**BRIEF**
Restate each record word for word, omitting whatever pictures it holds.

**INPUT DATA**
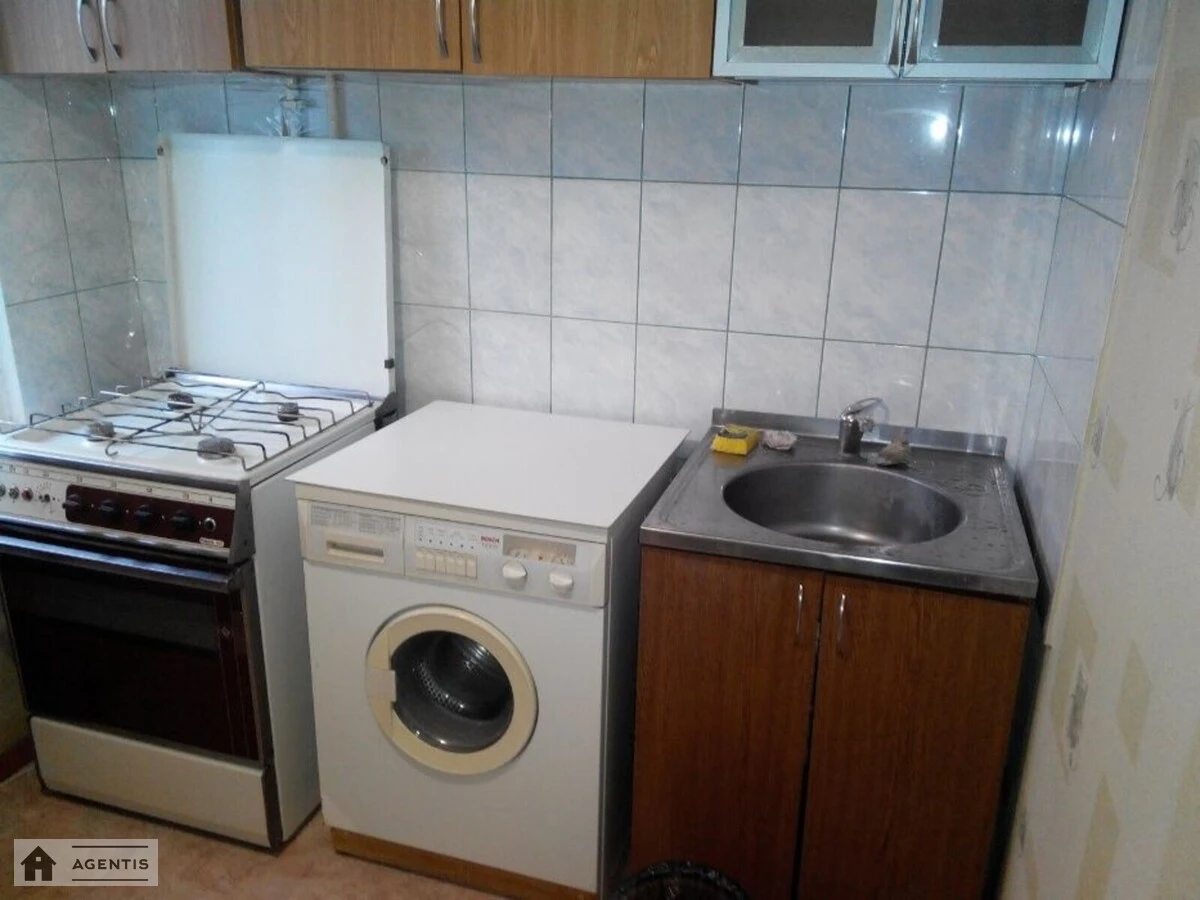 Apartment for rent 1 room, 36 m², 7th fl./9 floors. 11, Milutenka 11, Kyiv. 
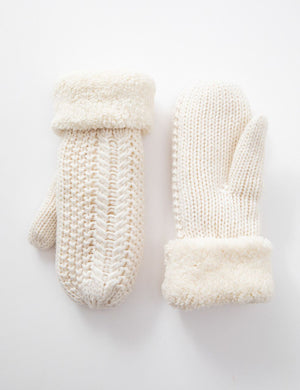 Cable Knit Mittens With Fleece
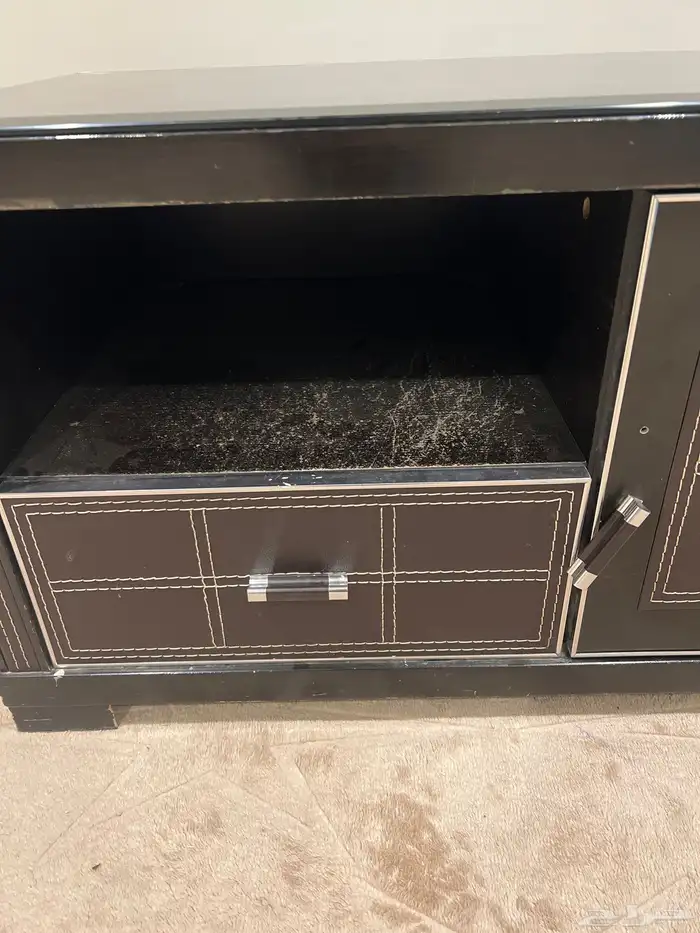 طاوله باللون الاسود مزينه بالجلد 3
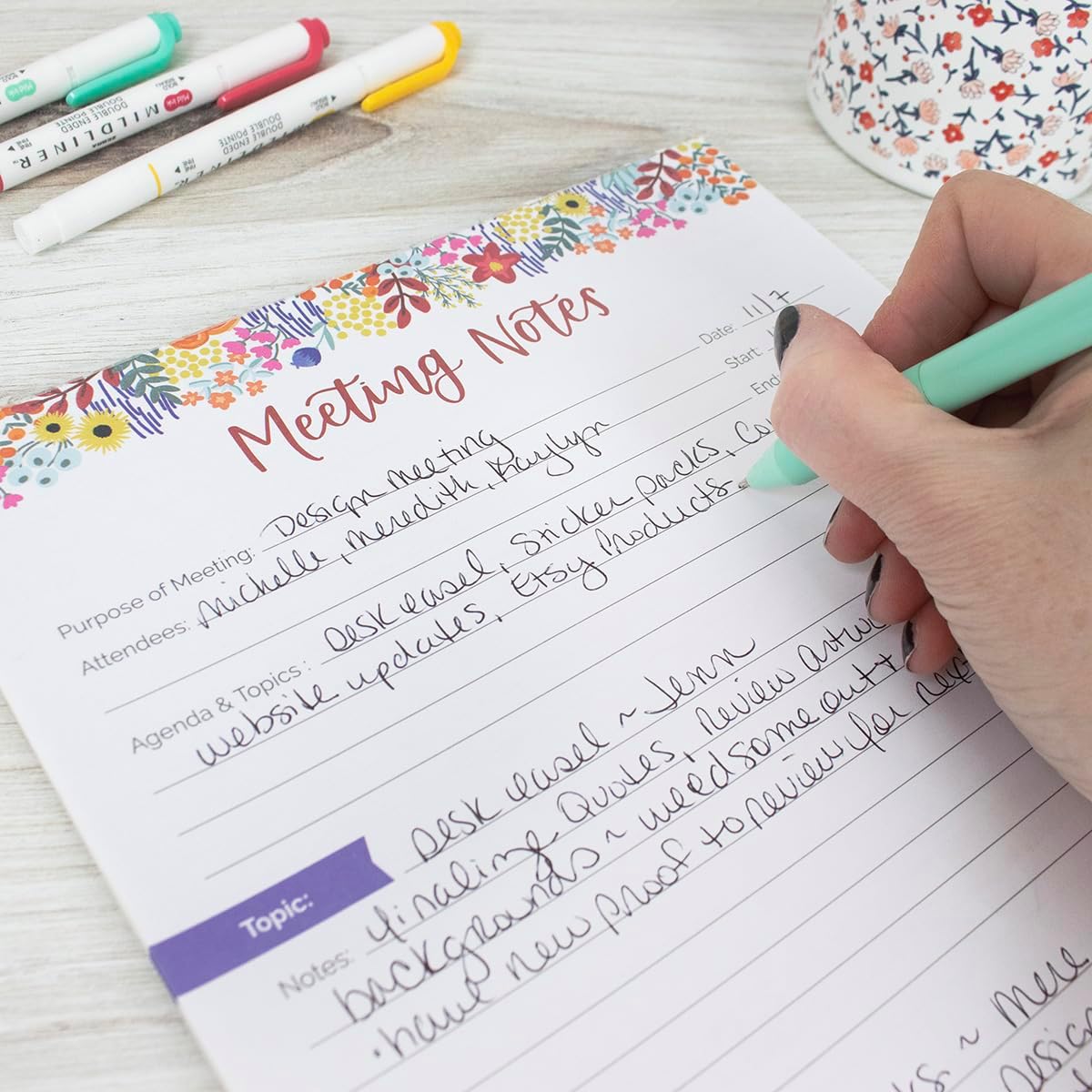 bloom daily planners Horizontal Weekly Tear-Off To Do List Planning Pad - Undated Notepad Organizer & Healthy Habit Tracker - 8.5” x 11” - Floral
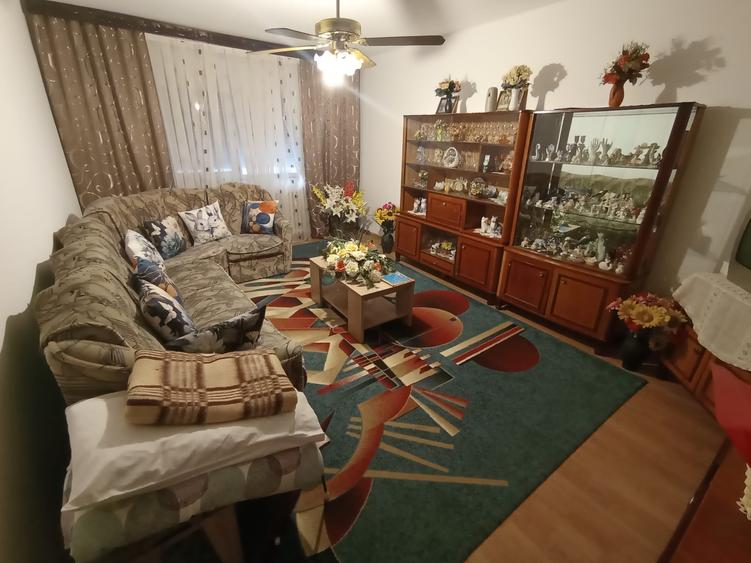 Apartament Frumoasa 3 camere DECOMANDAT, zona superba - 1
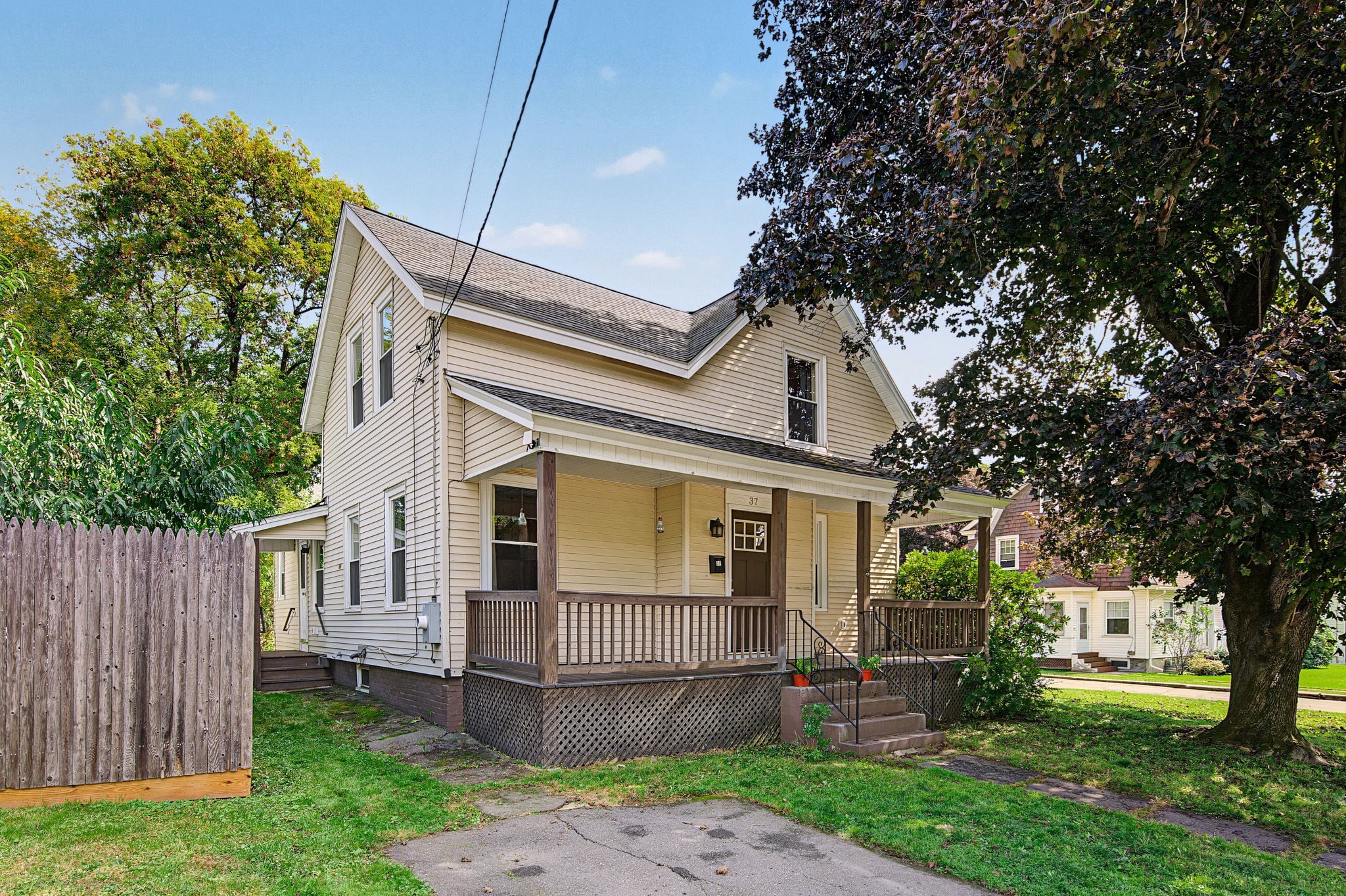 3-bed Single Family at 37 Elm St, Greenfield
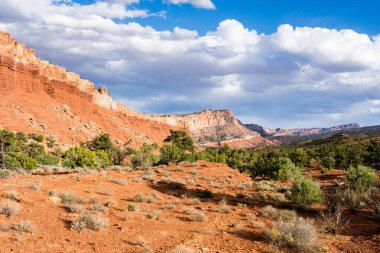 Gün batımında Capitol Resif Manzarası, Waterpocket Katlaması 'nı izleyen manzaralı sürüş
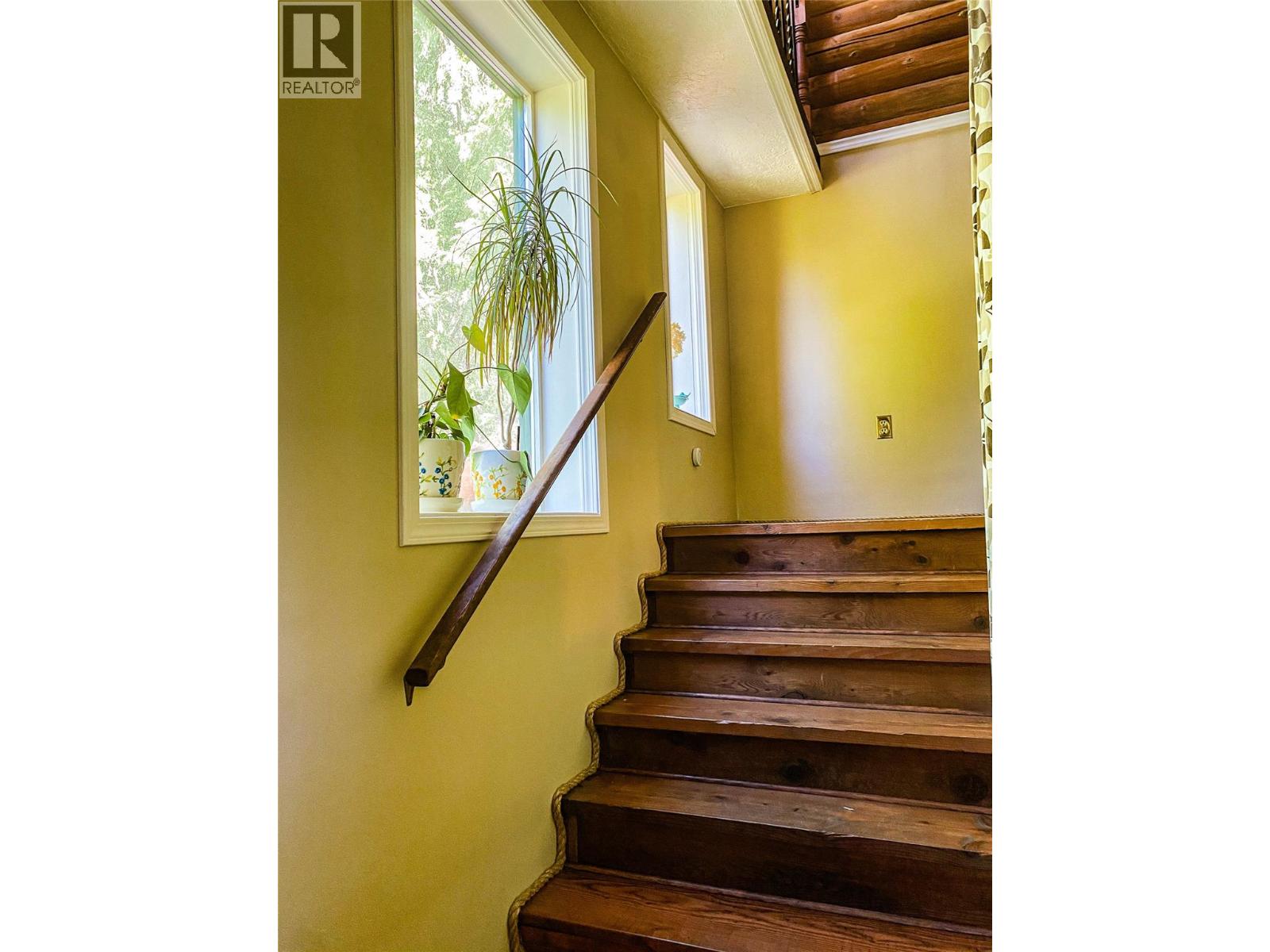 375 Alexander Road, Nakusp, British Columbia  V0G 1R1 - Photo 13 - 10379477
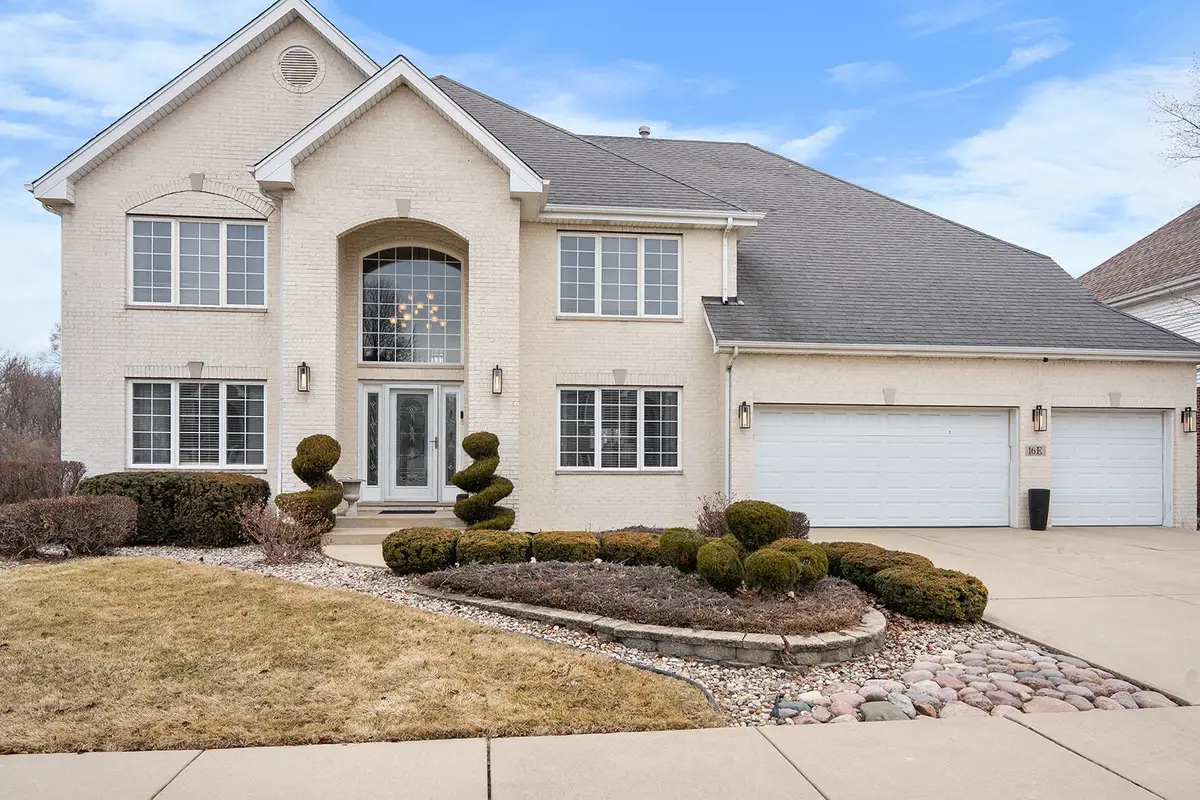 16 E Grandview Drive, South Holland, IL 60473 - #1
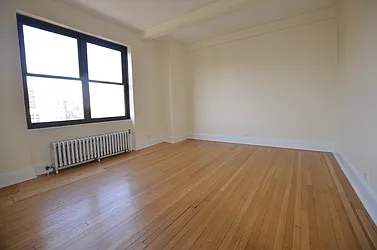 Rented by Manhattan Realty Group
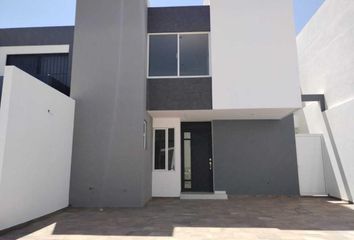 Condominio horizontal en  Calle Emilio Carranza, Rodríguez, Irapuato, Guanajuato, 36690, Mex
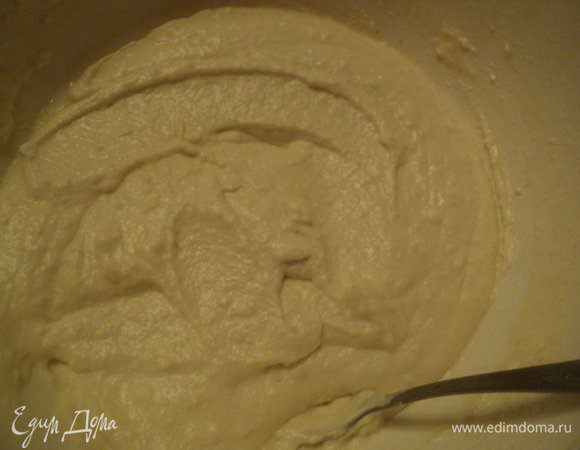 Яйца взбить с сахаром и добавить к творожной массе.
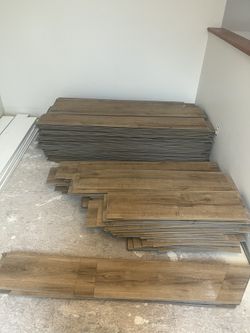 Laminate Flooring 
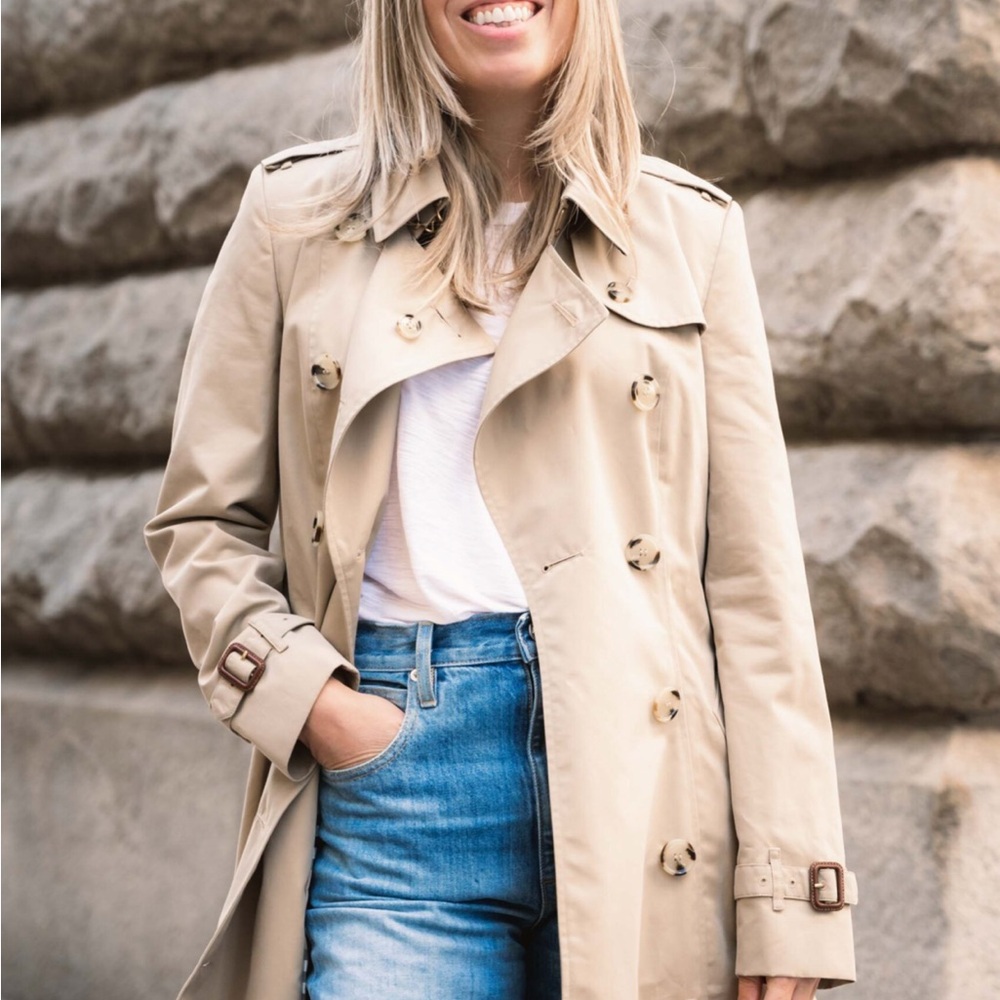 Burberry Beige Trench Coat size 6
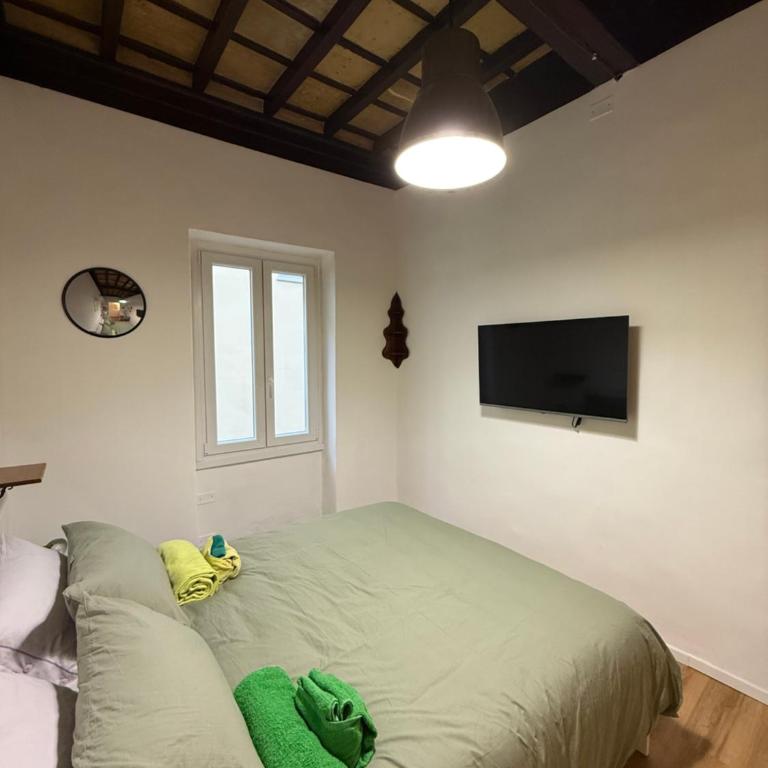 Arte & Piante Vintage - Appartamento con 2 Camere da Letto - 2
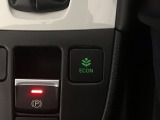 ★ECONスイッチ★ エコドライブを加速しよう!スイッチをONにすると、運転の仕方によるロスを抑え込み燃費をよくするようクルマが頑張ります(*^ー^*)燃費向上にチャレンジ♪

**TASK RESULT**
 Apartment for rent 1 room, 36 m², 7th fl./9 floors. 11, Milutenka 11, Kyiv. 
 Cable Knit Mittens With Fleece
 طاوله باللون الاسود مزينه بالجلد 3
 bloom daily planners Horizontal Weekly Tear-Off To Do List Planning Pad - Undated Notepad Organizer & Healthy Habit Tracker - 8.5” x 11” - Floral
 Apartament Frumoasa 3 camere DECOMANDAT, zona superba - 1
 3-bed Single Family at 37 Elm St, Greenfield
 Gün batımında Capitol Resif Manzarası, Waterpocket Katlaması 'nı izleyen manzaralı sürüş
 375 Alexander Road, Nakusp, British Columbia  V0G 1R1 - Photo 13 - 10379477
 16 E Grandview Drive, South Holland, IL 60473 - #1
 Rented by Manhattan Realty Group
 Condominio horizontal en  Calle Emilio Carranza, Rodríguez, Irapuato, Guanajuato, 36690, Mex
 Яйца взбить с сахаром и добавить к творожной массе.
 Laminate Flooring 
 Burberry Beige Trench Coat size 6
 Arte & Piante Vintage - Appartamento con 2 Camere da Letto - 2
 ★ECONスイッチ★ エコドライブを加速しよう!スイッチをONにすると、運転の仕方によるロスを抑え込み燃費をよくするようクルマが頑張ります(*^ー^*)燃費向上にチャレンジ♪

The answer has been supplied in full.